Me, myself and I


We live in such a culture of ’SELF’ in the developed world.  I know firsthand, I have grown up in it.  From the time we enter the world, as children unable to understand or comprehend the world around us, we are bombarded with messages from society, media and culture to look out for number one, to do everything you can to help yourself move forward even at the expense of others, a very individualistic mentality of me and I, with phrases like if I can just get this, and if I can just do that, and if I… you get the idea!

Working in children’s ministry with 1-3yr olds, it’s a constant reminder of how innate it is to our very being to ensure my needs are met, that I am happy, that I have what I want – that learning how to share is one of the biggest challenges and one of the first biggest lessons that we have to learn as a child – because it does go so much against what is inbuilt into us in this culture of SELF.

However I have recently been pondering on, and so challenged by the culture of community that is so apparent in these poorest of poor African communities that we serve in.

I always love watching our children eat.  It’s one of my favourite things to do, because in it there is no sense of self, only community.  There will always be brothers and sisters sharing their plate of food with younger siblings, there will be friends sitting around and putting food and drinks into each other’s cups and plates.  Just this week in one of our communities here in DRC called Kikula community, 3 of the older boys, knowing this is their only meal for the day, combined their three plates of food and invited me to join in sharing their meal for the day.
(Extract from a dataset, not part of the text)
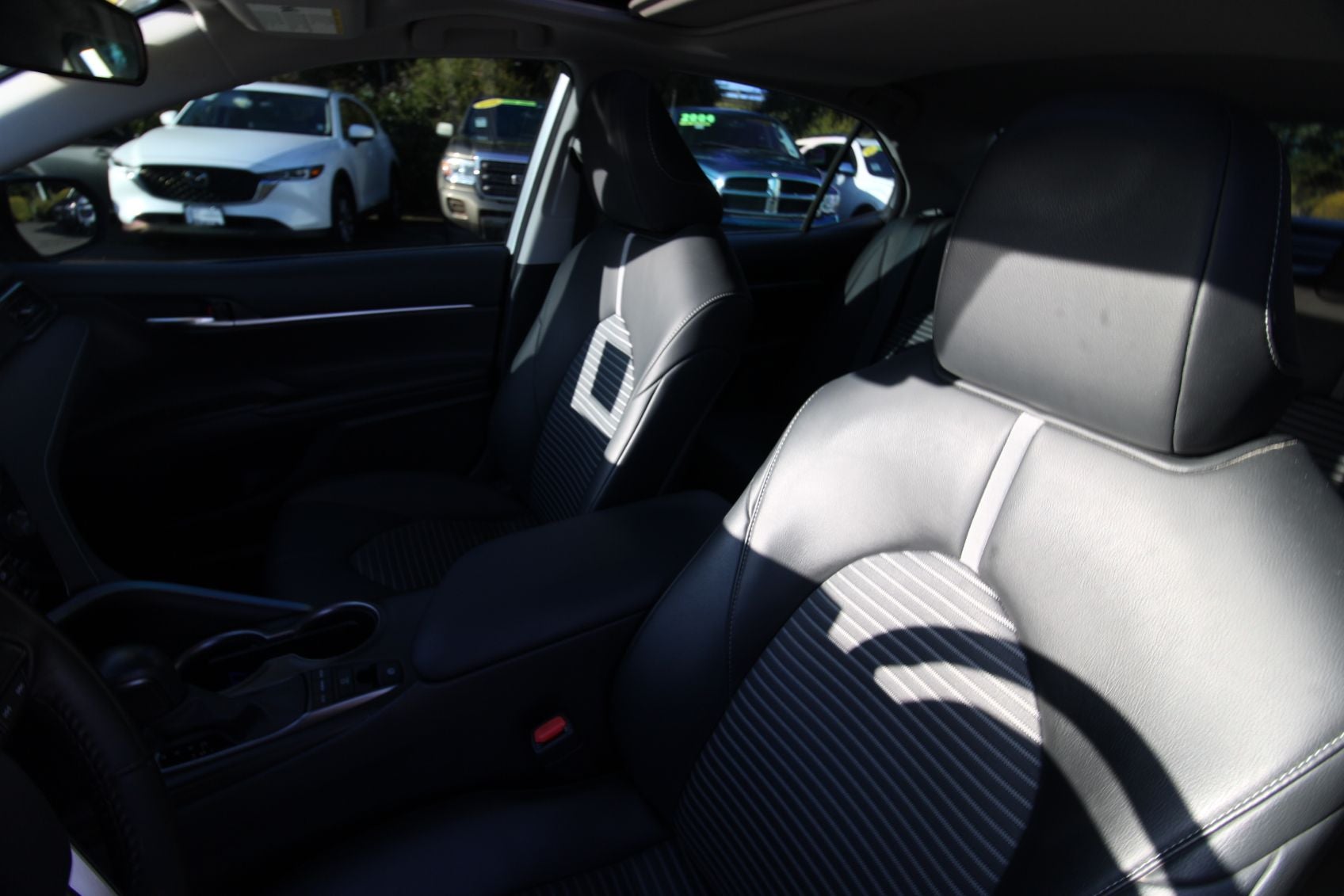 2023 Toyota Camry SE AWD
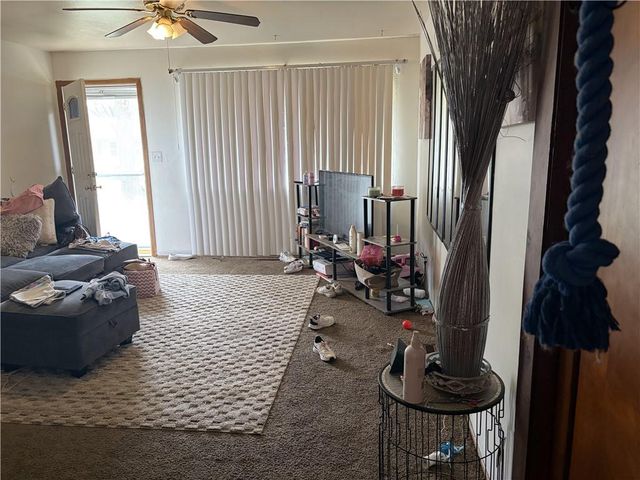 8605 Cambridge Avenue, Kansas City, MO 64138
Now you might ask how I can knowingly share in their only food for the day, when I know I will be going home to eat a meal for dinner and will wake up to breakfast in the morning also. But it actually sends a very bad message culturally to reject such an offer. So humbly, we sit and eat together, and the boys laugh and joke as we do.  Community is such a natural part of who they are and this simple act is so SELF-LESS.

There is a common question that also comes up in my mind when walking in our communities, where there are always more children in need, than we are able to effectively care for: do you take all the children from a smaller number of vulnerable families and ensure they are fed and cared for; or do you take one of two children from a larger number of families to help lessen the burden in the community across a larger number of families, but knowing in a family of 6 or 8 children for example, 2 may receive a meal each day, while the other 4 go hungry. I always think about how the other children must feel, the ones not receiving the food. Do they resent the siblings that are receiving the food? Do they develop a hatred for them? That is what I think my default response would be from my background of growing up in the developing world, and yet in a world of true community culture the family and siblings see the provision for these one or two children as a blessing from God. They are genuinely thankful that at least one or two are provided for, and may grow strong and have opportunities later in life that will enable them to care for the rest of the family.

On Friday night this week, I had the privilege of staying in the home of a widow in one of our communities here called Kisunka. This village is very remote and very poor. The widow that we stayed with has 12 living children (she had 16, but 4 have passed away). Her husband died 5 months ago leaving the family very vulnerable. Mama Charlotte is one of our volunteer Care Workers, so in addition to caring for her own 12 children and the many challenges she faces having no source of income, she also gives of her time to care for the orphan and vulnerable children in her community. As we sat around in the dark in her home on the dirt floor, around a small charcoal fire amongst all her children and some visiting neighbours who dropped by, she told us her story. Amidst all the challenges she is facing on a daily basis, she always pointed back to God. Every one of her children knows God.  Life is super tough for them, however, in their lack, they open their home and lives with me and share so generously from their lack of resource to ensure my needs are met. They offer their very best to me. In fact when we awoke in the morning they had already been out to fetch some fresh fish (and when I say fresh they were still flapping in the bucket) for our breakfast (which we were able to politely decline – fish and tea for breakfast…not what we were up for first thing in the morning!). But it was them offering me their best, giving from their lack, the true sense of community. Denying my own needs to meet the needs of others: a very challenging and powerful thought.

Stanley Grenz is a theologian I studied in Bible College who wrote a book called Theology for the Community of God. He implies through all his theology that we were innately created to live in community; that our very beings thrive on being relationally connected to one another.  He argues that God, as the trinity of Father, Son and Holy Spirit, modeled from the beginning community and relational interdependency with one another.  Created in the image of God, we are born to do the same. And yet, in many parts of the world today we have lost this, and I believe we have been sold a lie to believe that living for oneself is in fact a better way.

If I have learnt anything from these past 18 months in Africa, it is how much I have learnt about community. About the need to die to my own selfish desires, to deny putting myself first, to love and to serve others unconditionally, to share of everything I have been blessed with, with others.  I will admit it is still not my first reaction, it is something I am still working on, on a daily basis, but it is something I want to grow in more and more.